The recognition of the leisure uses of canals owed a lot to the work of Tom Rolt, whose popular 1944 book, Narrow Boat with its descriptions of the unchanged way of life on canals, proved attractive to many with increasing amounts of leisure time, and to the activities of the campaigning group, the Inland Waterways Association, but also, it appears, to the views of Castle herself. She wrote in her 1993 autobiography, Fighting all the Way, that:

“A source of satisfaction was what I was able to do for the canals. I had always been fascinated by inland water­ways. I had been on a couple of canal holidays with Jimmie and had been struck by how quickly one could escape from drab industrial surroundings as one slipped between the hedges lining the towpath in a flat-bottomed boat. I believed that messing about in boats was a leisure activity which should be increasingly available to everyone.”

There remained a problem for the Southern Oxford Canal. The canal was by this time in bad shape physically and the question was whether it would make it into the category of leisure waterway, or would it be consigned to be a remainder waterway with no financial support and no protection by legislation? In the event, it seems that an amount of subterfuge was required. The story has been told a number of times. Here is one version (Robinson, 2008):

“The death of the veteran canal boatman Jack Skinner, at the age of 88, severs a link going back more than 200 years in the tradition of the coal and freight-carrying trade on Britain’s canals … in 1967, he helped to save the Oxford canal from closure …. Treasury officials had recommended filling in the waterway, arguing that it was no longer commercially viable. Jack was asked to take Barbara Castle, then minister of transport, on a fact-finding trip from Thrupp to Lower Heyford. He took the precaution of going out the night before and getting the cooperation of the lock keepers en route to make sure there would be enough water in the pounds to give the impression that there was more water in the near-derelict canal than there actually was. “She never knew the difference – and it done the trick,” he recalled. Castle decided to save the canal, ultimately securing enough subsidy to keep open 1,400 miles of commercially non-viable canals for pleasure cruising. Everyone who now enjoys fishing in the Oxford canal, or cruising on it, or walking along the towpath should remember with gratitude the trick that Jack played.”

Twenty-first Century Survival: The canal as “heritage asset”

The survival of the canal forward from the late twentieth and into the early twenty-first century looks rather more certain than at any previous time its 230-year life. The reason for this is that the canal, and indeed canals in general, have come to be seen as part of the national heritage, with, as we have seen, local canal assets enjoying Grade II listed building status.

It is difficult to provide a chronological history of the growth in importance of “heritage”. Even the word itself is difficult to define.
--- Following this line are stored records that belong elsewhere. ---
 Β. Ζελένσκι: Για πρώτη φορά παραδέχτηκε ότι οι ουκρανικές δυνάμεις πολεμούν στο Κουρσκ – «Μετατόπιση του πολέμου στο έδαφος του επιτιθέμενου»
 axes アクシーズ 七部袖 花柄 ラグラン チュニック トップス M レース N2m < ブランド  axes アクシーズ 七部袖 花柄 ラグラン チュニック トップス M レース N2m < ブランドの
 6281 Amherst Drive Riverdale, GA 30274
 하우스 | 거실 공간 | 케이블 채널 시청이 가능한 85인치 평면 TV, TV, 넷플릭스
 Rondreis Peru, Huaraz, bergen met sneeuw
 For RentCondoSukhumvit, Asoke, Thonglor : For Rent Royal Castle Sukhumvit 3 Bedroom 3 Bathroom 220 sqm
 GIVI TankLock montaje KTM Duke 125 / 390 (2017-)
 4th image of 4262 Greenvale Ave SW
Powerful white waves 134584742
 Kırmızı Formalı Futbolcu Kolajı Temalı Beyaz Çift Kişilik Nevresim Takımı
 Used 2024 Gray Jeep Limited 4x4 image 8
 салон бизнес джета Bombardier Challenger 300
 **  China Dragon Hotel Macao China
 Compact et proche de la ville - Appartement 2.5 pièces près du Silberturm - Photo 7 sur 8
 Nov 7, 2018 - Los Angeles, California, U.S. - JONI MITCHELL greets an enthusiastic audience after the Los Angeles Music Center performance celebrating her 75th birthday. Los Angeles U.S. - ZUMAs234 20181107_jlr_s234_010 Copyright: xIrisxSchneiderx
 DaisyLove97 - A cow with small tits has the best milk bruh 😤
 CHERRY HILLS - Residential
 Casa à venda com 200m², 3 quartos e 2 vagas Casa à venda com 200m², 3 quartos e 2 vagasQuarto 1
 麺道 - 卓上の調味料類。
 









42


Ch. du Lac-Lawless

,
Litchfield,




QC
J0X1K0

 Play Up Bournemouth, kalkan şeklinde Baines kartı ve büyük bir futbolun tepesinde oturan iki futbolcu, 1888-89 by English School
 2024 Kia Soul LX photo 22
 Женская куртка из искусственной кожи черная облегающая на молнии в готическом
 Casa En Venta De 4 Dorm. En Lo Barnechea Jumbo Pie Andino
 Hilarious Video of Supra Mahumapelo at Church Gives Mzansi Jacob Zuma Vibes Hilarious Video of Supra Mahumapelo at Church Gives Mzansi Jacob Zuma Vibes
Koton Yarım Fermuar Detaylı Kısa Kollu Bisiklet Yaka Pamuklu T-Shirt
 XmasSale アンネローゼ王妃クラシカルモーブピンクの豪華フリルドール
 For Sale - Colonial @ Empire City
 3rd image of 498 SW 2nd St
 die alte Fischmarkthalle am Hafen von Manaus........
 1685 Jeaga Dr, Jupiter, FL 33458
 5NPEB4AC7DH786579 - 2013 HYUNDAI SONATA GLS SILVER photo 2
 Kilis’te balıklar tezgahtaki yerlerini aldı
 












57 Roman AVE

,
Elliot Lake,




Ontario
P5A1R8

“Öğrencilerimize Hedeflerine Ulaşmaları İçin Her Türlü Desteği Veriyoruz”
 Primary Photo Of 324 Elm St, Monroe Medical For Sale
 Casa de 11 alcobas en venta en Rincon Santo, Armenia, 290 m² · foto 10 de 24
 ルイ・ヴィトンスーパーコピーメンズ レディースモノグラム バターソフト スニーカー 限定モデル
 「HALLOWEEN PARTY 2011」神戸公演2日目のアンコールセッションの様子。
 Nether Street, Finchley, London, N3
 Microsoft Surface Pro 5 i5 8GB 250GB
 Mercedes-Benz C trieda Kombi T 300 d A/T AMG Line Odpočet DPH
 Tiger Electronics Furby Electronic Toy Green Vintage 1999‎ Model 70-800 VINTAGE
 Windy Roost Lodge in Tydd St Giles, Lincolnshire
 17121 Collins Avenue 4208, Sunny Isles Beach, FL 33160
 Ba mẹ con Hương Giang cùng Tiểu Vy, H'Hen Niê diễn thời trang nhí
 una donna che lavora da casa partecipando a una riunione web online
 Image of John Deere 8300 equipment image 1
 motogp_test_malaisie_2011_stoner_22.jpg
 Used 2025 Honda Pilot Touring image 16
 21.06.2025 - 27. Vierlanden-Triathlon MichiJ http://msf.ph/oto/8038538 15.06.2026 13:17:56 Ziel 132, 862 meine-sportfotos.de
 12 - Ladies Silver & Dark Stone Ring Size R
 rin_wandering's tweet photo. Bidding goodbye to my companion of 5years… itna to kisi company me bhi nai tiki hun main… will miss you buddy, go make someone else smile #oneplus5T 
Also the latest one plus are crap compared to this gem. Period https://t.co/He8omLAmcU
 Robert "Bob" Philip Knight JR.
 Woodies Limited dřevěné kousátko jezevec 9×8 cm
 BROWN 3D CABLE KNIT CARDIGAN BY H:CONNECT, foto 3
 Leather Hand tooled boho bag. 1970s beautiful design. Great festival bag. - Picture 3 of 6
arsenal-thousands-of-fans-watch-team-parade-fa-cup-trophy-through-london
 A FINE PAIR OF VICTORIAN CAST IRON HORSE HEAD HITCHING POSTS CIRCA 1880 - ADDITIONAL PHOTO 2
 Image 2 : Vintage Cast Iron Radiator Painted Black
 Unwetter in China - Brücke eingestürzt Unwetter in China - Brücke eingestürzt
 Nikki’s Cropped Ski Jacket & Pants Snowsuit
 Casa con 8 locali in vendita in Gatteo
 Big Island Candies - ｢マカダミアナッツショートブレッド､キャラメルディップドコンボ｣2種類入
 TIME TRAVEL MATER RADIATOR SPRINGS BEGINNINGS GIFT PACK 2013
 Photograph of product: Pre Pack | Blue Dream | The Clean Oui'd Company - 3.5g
But it is undeniable that public interest in the past is at an all-time high, as witness the unprecedented membership levels for the National Trust and English Heritage, together with the coverage of historical and heritage topics in television programmes and popular magazines. The beneficial role that canals can have in urban regeneration projects has been shown, particularly in Brindley Place and Gas Street Basin in Birmingham and in Gloucester Docks, and the National Waterways Museums at Ellesmere Port, Gloucester and Stoke Bruerne have provided a focus for historical interest.

But the event that had perhaps the greatest influence was remote from canals. During the August Bank Holiday in 1980, developers demolished the Firestone Tyre Factory on the Great West Road in London. It was widely believed that the demolition was carried out in anticipation of the building becoming listed in the near future. There was a public outcry, and, as a result, the relevant government minister, Secretary of State for the Environment Michael Heseltine, took a series of measures which had the effect of shaking up the old-fashioned and slow-moving protection system described by Thurley (2013). He speeded up the listing process, enlarging its scope to include nineteenth and twentieth century buildings, and in 1984 created a new quango, English Heritage, to become the government’s principal statutory adviser as well as take on responsibility for the sites previously managed by the Ministry of Works. Ten years later, the creation of the National Lottery Heritage Fund in 1994 provided another confirmation of the importance that heritage had assumed.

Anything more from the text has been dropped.